(Excerpted data)
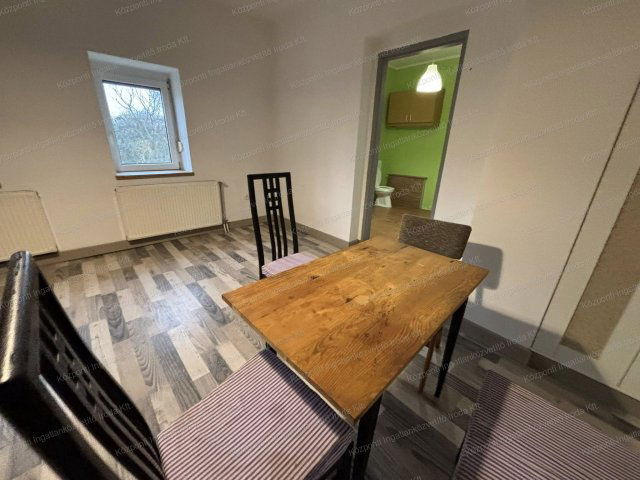 Eladó családi ház, Dunaalmáson 31.99 M Ft, 1 szobás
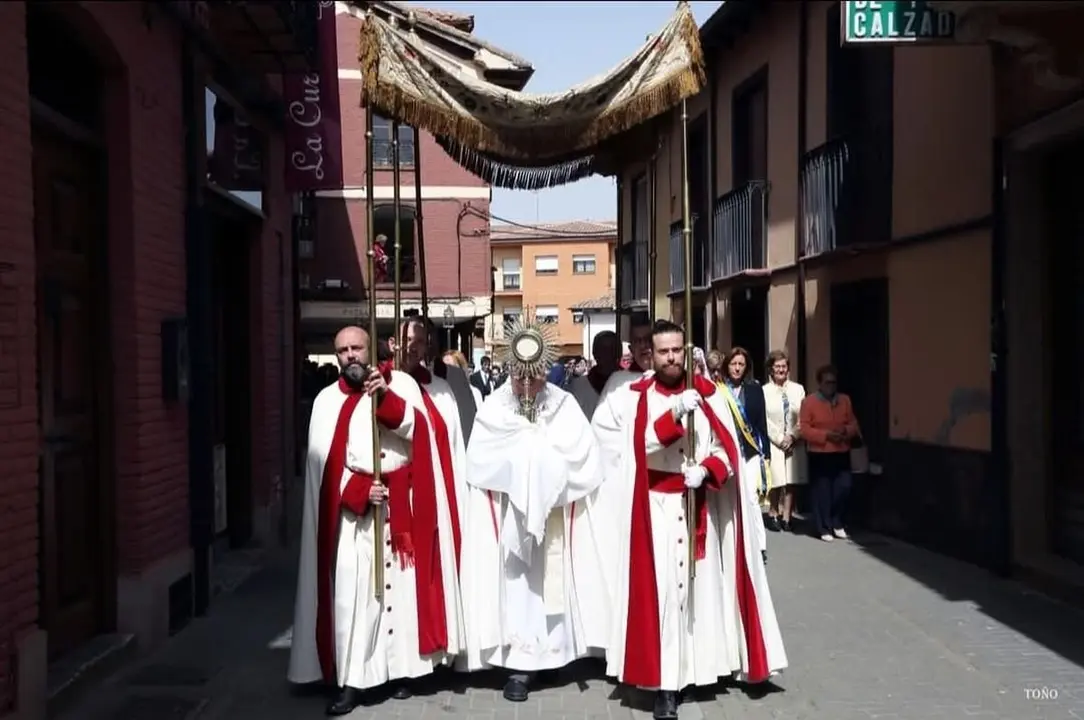 Daniel, junto a sus hermanos cofrades, llevando el palio. Foto: Toño Ceballos.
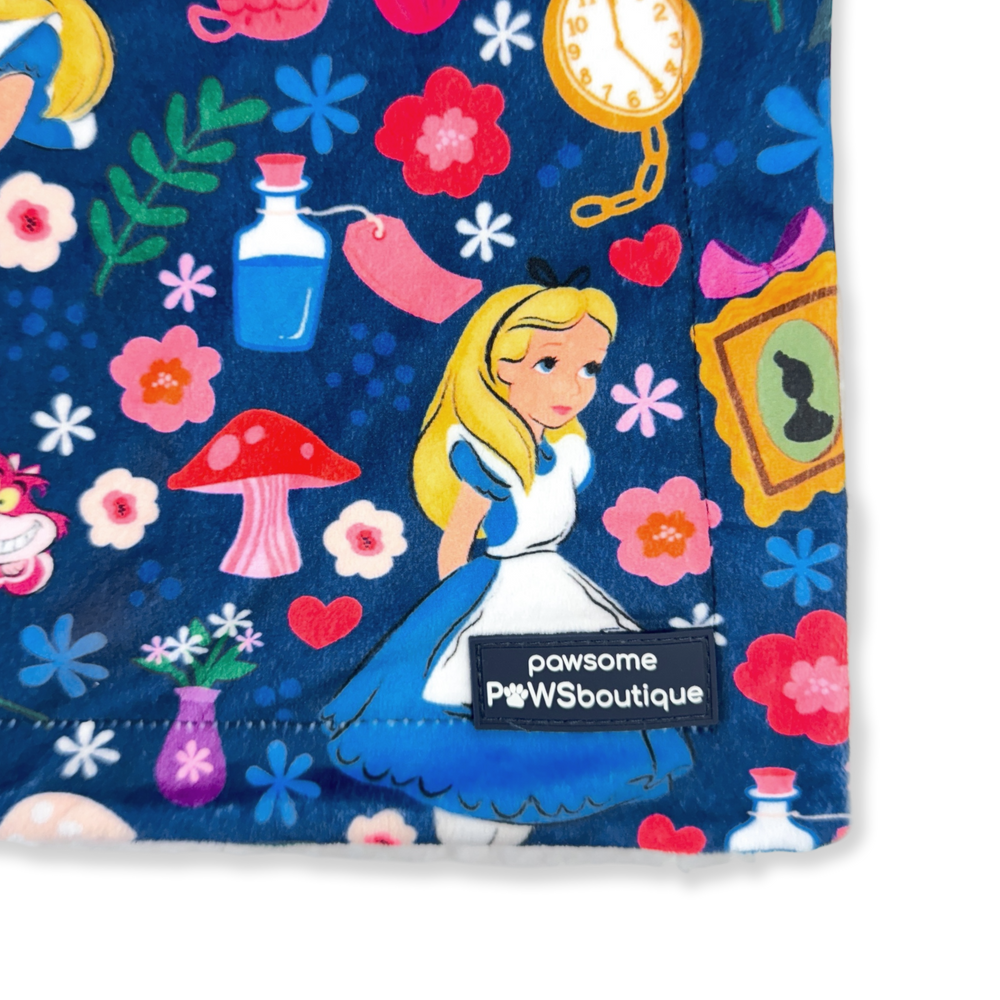 Disney© Dog Blanket - Alice In Wonderland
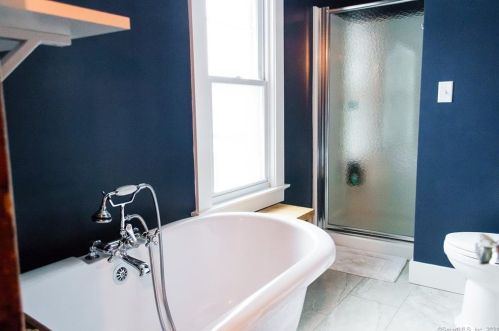 25 Curtis Ave, Wallingford CT 06492-3708 exterior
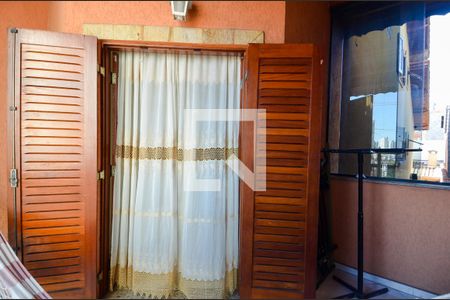 Casa à venda com 205m², 4 quartos e 3 vagasVaranda da Suíte 1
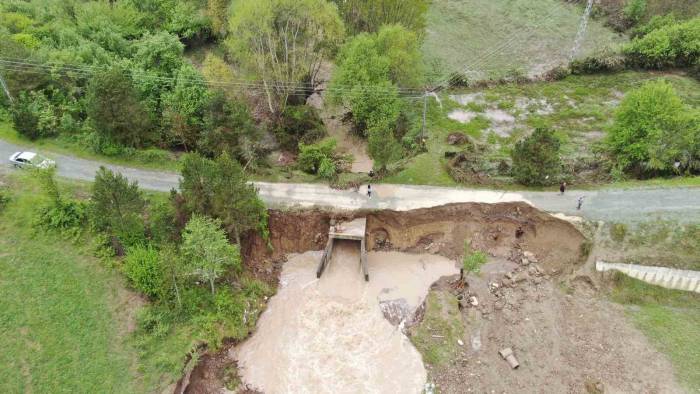 Kastamonu’da Sel: Yol Çöktü, Tarım Arazileri Sular Altında Kaldı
(End Excerpted data)
- Your instructions -
Omitting all pictures, retype exactly the lines from the line containing "Daniel, junto a" down to the last line above, both ends included.

- Solution to this problem -
 Daniel, junto a sus hermanos cofrades, llevando el palio. Foto: Toño Ceballos.
 Disney© Dog Blanket - Alice In Wonderland
 25 Curtis Ave, Wallingford CT 06492-3708 exterior
 Casa à venda com 205m², 4 quartos e 3 vagasVaranda da Suíte 1
 Kastamonu’da Sel: Yol Çöktü, Tarım Arazileri Sular Altında Kaldı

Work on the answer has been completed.